O jornalismo unilateral, aquele que é tendencioso e acaba por não abrir espaço a todos, nada tem a ver com a exigência ou não do diploma. Quem limita as fontes, na maioria das vezes é a linha editorial do veículo, que precisa respeitar horários, respeitar o espaço disponível, interesses ideológicos, mercadológicos... Esse tipo de problema não será resolvido com a queda ou obrigação de diploma, mas, todo aquele que tiver passado pelo banco de um curso superior, saberá entender o que acontece no veículo em que trabalha e saberá optar pelo veículo que melhor traduza sua identidade profissional.

É importante ressaltar, que qualquer pessoa pode escrever sobra a área em que é especializada, para isso existem os articulistas e colunistas, que assinam seus textos e abordam temas que dominam. Além disso, hoje em dia o número de faculdades de jornalismo no Brasil, já abrange quase todo o território nacional.

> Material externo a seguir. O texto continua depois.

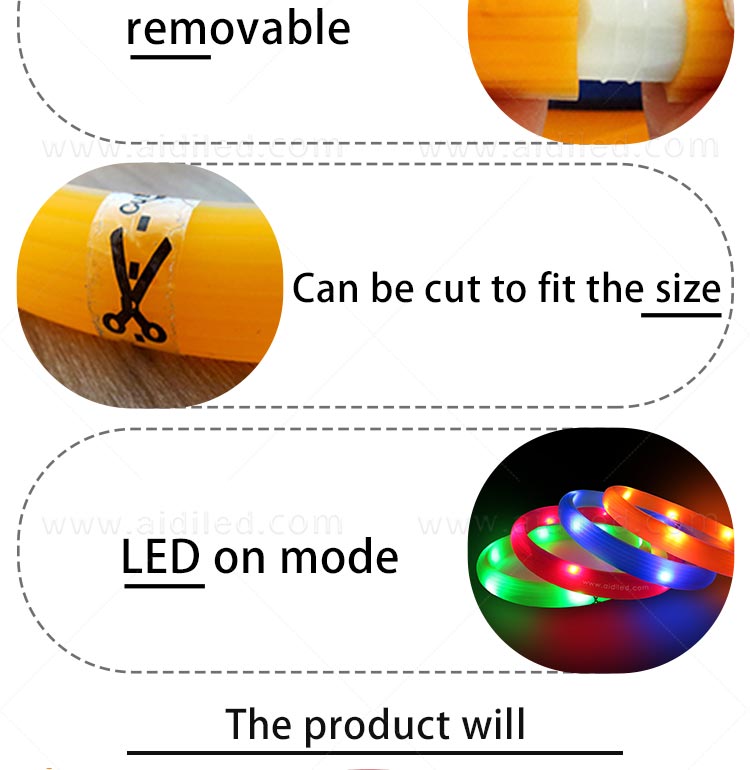 AIDI-Led Light Up Dog Collar Led Fashionable Dog Collar-5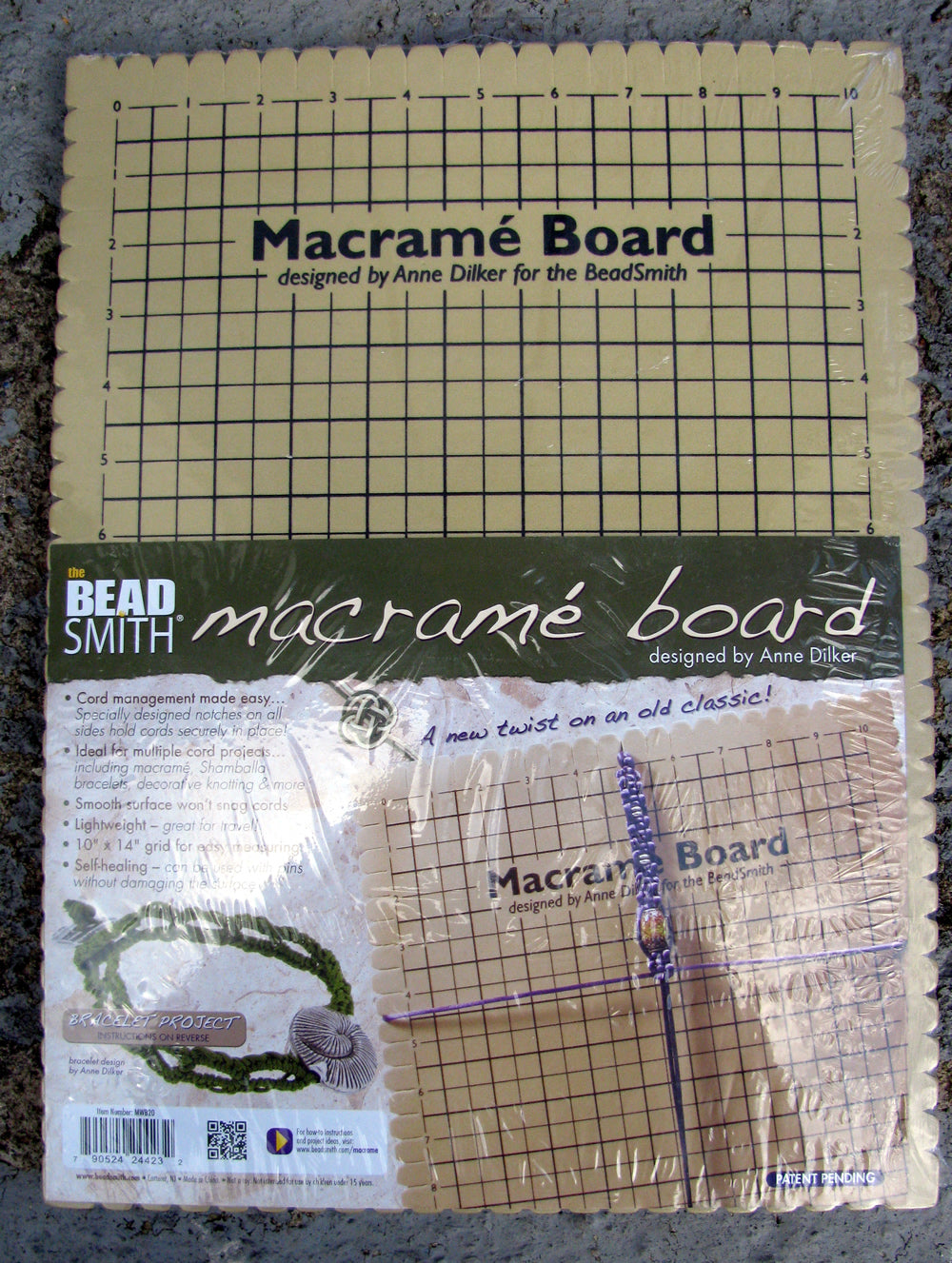 Makraméplatta - Arbetsplats för makramé, 1 styck Beadsmith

Em meio a tantas possibilidades de se expressar opinião, caberia ainda argumentar que a regulamentação da profissão implica no cerceamento à liberdade de expressão?

Beth Costa, presidente da Federação Nacional dos Jornalistas, ao defender a regulamentação da profissão, buscou na história da profissão exemplos e argumentos. Ela diz que a defesa do diploma e de escolas qualificadas, remonta ao primeiro congresso de jornalistas, em 1918, que teve três marcos iniciais no século XX: A primeira regulamentação, em 1938, a fundação da Faculdade Cásper Líbero, em 1947 (primeiro curso de jornalismo do Brasil); e o reconhecimento jurídico da necessidade de formação superior, em 1969. Neste contexto, a queda do diploma representa um retrocesso e uma traição à história da profissão.

A validação da profissão de jornalista resultou num aperfeiçoamento de princípios teóricos e técnicos. Valores como ética e estética passaram a ser enaltecidos.

Em países em que não há exigência do diploma, como nos europeus, há um movimento para que a regulamentação aconteça, a cada ano novos documentos são produzidos e o reflexo disso é o crescimento pela procura dos cursos superiores.

A regulamentação de uma profissão, nada mais é do que a representação do respeito pelo exercício e pelo profissional. No caso do jornalismo, há de se considerar que as informações produzidas por ele afetam a toda a sociedade e podem, inclusive, desencadear problemas sociais, quando disseminadas de maneira errada ou irresponsável. Portanto, sim à exigência da qualificação profissional.